To determine the comparability of subgroup-specific and interaction effects (differences between subgroups) between different study designs.


We compared effects of interventions based on observational studies, randomized clinical trials (RCTs), and individual patient data meta-analyses (IPDMAs) of RCTs (reference) on three clinical topics: (1) mammography screening and breast cancer mortality, (2) coronary artery bypass surgery (CABG) and all-cause mortality, and (3) statins and incidence of major coronary events. Main, subgroup-specific, and interaction effects were compared.
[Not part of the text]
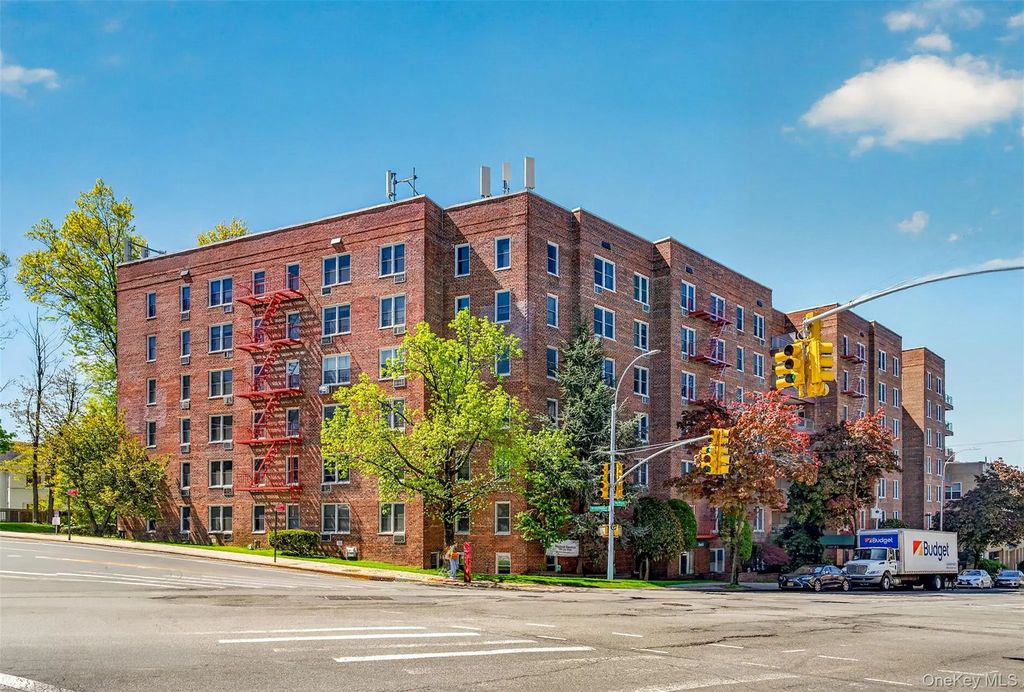 241-20 Northern Boulevard # 4p, Little Neck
Main and subgroup-specific effects were comparable with respect to the direction of the effects. Differences in the magnitude of subgroup-specific effects in observational studies yielded different interactions compared with those in IPDMA. In the mammography example, the ratio of risk ratios (RRR) (i.e., interaction effect) among observational studies was 1.46 [95% confidence interval (CI): 1.09, 1.96] compared with an IPDMA effect of 1.10 (95% CI: 0.89, 1.37). For the CABG studies, the observational RRR was 1.03 (95% CI: 0.84, 1.26), whereas in the IPDMA, this was 1.40 (95% CI: 1.08, 1.1.81). Finally, in the statin example, the RRR was 1.35 (95% CI: 1.13, 1.61) and 0.90 (95% CI: 0.84, 0.97) for observational studies and IPDMA, respectively.


Main and subgroup-specific effects based on observational data were similar to main and subgroup-specific effects in IPDMAs based on RCTs, yet interactions differed.